_Task goal_: Only the lines from the line holding "Size 6 Photo 9" through the final line of the entries below are to be returned, exactly as they stand.

_Data provided_:
____
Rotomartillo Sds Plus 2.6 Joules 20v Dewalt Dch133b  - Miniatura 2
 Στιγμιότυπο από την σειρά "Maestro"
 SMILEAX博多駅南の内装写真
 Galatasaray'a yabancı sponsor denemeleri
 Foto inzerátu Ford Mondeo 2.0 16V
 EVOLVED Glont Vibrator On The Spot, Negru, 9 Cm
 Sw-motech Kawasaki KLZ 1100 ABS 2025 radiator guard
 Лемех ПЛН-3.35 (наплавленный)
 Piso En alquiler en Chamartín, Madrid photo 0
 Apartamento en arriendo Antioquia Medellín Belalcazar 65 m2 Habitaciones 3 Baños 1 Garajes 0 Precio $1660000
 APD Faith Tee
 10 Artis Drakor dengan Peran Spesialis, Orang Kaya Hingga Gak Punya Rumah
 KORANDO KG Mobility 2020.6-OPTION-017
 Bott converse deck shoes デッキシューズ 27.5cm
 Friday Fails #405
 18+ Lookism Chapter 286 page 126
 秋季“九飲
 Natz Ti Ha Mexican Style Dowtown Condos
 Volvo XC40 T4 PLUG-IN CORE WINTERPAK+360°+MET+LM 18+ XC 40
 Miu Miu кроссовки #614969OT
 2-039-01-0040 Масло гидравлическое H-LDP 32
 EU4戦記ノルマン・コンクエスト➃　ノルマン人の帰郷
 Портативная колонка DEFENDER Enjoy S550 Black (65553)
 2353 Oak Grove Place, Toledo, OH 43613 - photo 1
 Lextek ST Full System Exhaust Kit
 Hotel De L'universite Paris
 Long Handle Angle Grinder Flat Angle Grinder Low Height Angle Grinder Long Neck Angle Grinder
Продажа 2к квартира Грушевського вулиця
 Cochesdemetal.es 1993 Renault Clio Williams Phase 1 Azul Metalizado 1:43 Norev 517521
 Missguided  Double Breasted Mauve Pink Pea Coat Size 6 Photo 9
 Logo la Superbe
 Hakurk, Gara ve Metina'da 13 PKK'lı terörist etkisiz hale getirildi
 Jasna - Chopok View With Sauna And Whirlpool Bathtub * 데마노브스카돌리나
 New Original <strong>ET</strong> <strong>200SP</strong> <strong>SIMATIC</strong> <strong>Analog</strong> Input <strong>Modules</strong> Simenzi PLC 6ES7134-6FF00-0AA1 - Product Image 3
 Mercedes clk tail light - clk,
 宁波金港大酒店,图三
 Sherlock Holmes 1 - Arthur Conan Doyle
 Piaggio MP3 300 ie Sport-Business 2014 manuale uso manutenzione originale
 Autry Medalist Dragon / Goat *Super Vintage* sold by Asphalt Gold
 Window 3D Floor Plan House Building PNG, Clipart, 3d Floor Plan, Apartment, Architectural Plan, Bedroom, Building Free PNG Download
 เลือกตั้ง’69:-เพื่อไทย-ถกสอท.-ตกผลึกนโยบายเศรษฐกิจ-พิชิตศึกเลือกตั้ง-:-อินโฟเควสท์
____
_Solution for this task_:
 Missguided  Double Breasted Mauve Pink Pea Coat Size 6 Photo 9
 Logo la Superbe
 Hakurk, Gara ve Metina'da 13 PKK'lı terörist etkisiz hale getirildi
 Jasna - Chopok View With Sauna And Whirlpool Bathtub * 데마노브스카돌리나
 New Original <strong>ET</strong> <strong>200SP</strong> <strong>SIMATIC</strong> <strong>Analog</strong> Input <strong>Modules</strong> Simenzi PLC 6ES7134-6FF00-0AA1 - Product Image 3
 Mercedes clk tail light - clk,
 宁波金港大酒店,图三
 Sherlock Holmes 1 - Arthur Conan Doyle
 Piaggio MP3 300 ie Sport-Business 2014 manuale uso manutenzione originale
 Autry Medalist Dragon / Goat *Super Vintage* sold by Asphalt Gold
 Window 3D Floor Plan House Building PNG, Clipart, 3d Floor Plan, Apartment, Architectural Plan, Bedroom, Building Free PNG Download
 เลือกตั้ง’69:-เพื่อไทย-ถกสอท.-ตกผลึกนโยบายเศรษฐกิจ-พิชิตศึกเลือกตั้ง-:-อินโฟเควสท์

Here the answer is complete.